> EXERCISE
Please write out only the lines from the line with "this 300×214 image." to the line with "this 474×266 image.", inclusive, exactly as they stand below, without the pictures.

** MATERIAL FOR THIS TASK follows **

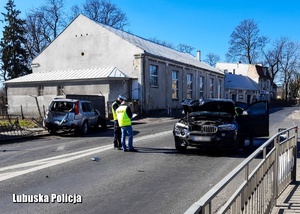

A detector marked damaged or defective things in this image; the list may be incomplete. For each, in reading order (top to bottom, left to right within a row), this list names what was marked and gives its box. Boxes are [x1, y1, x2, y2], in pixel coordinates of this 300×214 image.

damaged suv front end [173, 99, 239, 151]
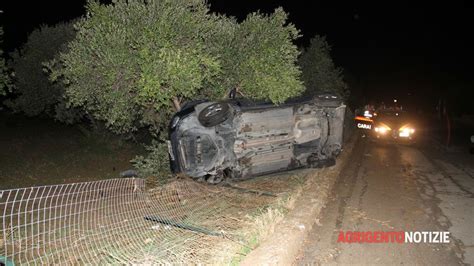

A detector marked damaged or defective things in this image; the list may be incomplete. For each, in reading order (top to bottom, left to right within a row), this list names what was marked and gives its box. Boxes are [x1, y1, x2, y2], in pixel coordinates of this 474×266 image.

** End of MATERIAL FOR THIS TASK **
** MATERIAL FOR THIS TASK follows **

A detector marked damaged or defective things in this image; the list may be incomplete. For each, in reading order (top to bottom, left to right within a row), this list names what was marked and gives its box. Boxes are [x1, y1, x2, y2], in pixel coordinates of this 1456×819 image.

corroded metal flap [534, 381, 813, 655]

** End of MATERIAL FOR THIS TASK **
** MATERIAL FOR THIS TASK follows **

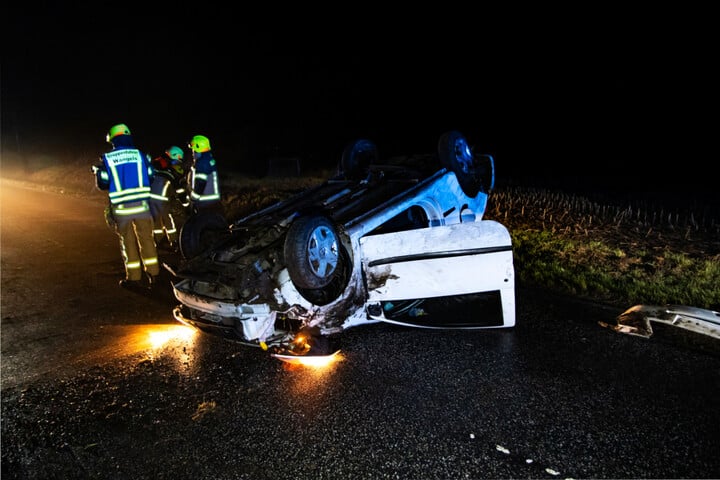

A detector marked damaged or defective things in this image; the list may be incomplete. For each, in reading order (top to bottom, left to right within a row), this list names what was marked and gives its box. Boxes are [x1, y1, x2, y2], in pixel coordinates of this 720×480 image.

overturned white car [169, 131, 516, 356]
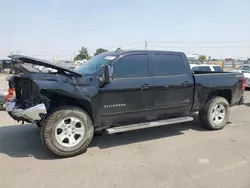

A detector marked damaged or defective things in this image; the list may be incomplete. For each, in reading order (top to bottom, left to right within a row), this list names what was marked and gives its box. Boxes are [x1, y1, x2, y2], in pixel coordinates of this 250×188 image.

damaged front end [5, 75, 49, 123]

** End of MATERIAL FOR THIS TASK **

> FINISHED TASK
A detector marked damaged or defective things in this image; the list may be incomplete. For each, in reading order (top to bottom, left to right within a row), this list names what was marked and gives its box. Boxes are [x1, y1, x2, y2], in pixel coordinates of this 300×214 image.

damaged suv front end [173, 99, 239, 151]

A detector marked damaged or defective things in this image; the list may be incomplete. For each, in reading order (top to bottom, left to right within a row), this list names what was marked and gives its box. Boxes are [x1, y1, x2, y2], in pixel coordinates of this 474×266 image.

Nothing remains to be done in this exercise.